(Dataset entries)
= Beginning of Section =

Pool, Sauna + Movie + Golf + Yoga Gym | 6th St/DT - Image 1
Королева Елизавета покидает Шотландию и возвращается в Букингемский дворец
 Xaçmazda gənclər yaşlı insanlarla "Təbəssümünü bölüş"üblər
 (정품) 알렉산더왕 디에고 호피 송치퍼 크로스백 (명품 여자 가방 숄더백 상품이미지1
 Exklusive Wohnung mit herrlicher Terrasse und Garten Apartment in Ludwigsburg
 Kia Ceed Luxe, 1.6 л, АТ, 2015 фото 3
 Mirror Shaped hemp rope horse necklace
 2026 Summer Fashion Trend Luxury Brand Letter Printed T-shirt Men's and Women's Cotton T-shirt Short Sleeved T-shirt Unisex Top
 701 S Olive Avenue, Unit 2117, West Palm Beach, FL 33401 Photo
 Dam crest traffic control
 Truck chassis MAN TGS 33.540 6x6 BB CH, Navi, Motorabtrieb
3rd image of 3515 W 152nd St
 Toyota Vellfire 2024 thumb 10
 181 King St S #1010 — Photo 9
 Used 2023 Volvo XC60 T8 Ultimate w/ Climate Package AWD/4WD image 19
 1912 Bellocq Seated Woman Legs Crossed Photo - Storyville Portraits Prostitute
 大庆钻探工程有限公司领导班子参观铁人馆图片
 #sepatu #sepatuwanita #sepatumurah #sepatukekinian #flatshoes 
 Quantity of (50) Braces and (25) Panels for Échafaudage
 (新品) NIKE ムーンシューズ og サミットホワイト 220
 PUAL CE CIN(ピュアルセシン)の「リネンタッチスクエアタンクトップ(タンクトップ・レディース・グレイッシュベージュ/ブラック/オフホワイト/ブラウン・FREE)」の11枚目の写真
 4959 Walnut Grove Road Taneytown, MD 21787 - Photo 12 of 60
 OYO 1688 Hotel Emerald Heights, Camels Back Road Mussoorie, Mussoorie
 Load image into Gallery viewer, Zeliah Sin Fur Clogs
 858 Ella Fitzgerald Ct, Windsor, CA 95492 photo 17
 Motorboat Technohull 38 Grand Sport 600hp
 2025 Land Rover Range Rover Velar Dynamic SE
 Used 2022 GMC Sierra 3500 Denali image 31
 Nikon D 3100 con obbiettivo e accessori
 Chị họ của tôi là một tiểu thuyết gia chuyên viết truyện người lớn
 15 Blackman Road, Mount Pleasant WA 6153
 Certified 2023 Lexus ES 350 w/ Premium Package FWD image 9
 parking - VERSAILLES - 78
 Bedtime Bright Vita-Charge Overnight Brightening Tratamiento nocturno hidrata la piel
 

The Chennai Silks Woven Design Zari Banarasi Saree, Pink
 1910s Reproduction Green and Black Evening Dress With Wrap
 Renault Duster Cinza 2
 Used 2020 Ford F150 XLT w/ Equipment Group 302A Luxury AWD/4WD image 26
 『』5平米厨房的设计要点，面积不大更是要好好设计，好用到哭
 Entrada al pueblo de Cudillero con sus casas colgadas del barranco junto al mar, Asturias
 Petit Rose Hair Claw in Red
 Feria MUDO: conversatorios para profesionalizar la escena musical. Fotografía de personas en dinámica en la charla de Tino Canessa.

= End of Section =

Aim of the task => The answer should be a single number: how many lines in the entries contain "Luxury".

The completed task => 2